Basico Scales

“Basico”,  the tango figure of eight steps,  is often the first figure new students will learn as dancers.  The beauty of this step is that it covers many of the key elements in Argentine tango.  With this step dancers learn to move; backwards, sideways, forwards, feet together and the follower learns the position of “La Cruzada” (the cross).

The problem with most dancers is that once they learn this figure they stop studying it and begin dancing it from memory always the same way and always the same rhythm.  If you dance with any dancer they will often dance this figure slow, slow, quick, quick, slow, quick, quick, slow.  While this is a practical rhythm that fits well with some music,  always repeating this in the same way becomes boring,  non improvised and less creative.

As we explore the Basico scales, dancers will begin to break free from this limited mold and develop a better ear for tango music,  stronger intension in the lead/follow,  and help dancers create their own unique style and interpretation of the dance.

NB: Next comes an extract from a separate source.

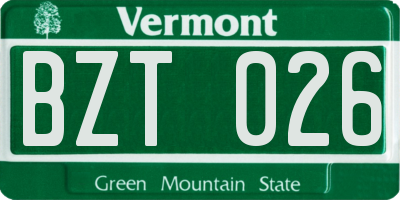 VT license plate BZT026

I must credit Gustavo Naveira and Gizelle-Anne for inspiring me with these scales.  Back in 2010, after already dancing as a professional dancer for several years I took a beginner class in Buenos Aires with these great maestros.  I was shattered when ask to change the rhythm on the basic step.  A step I thought was only for beginners suddenly became complicated,  challenging and incredible fun to play with.  Whenever I feel my dancing lacks variety or commitment I often return to the Basico scales as a way to come back to the roots of tango and breathe new life into my dancing.

In the basico scales dancers will learn to deconstruct this pattern so that they can fine tune their technique, rhythm and vocabulary.  Not only do these scale cover the parallel pattern of the basico but nine other variations on this theme.  We will look the evolution of this pattern and study how the cross-system was introduced in the 1940’s and explore many variations created by the old milongueros and explore how we can use them in our own dancing to find our own voice based on history and experience.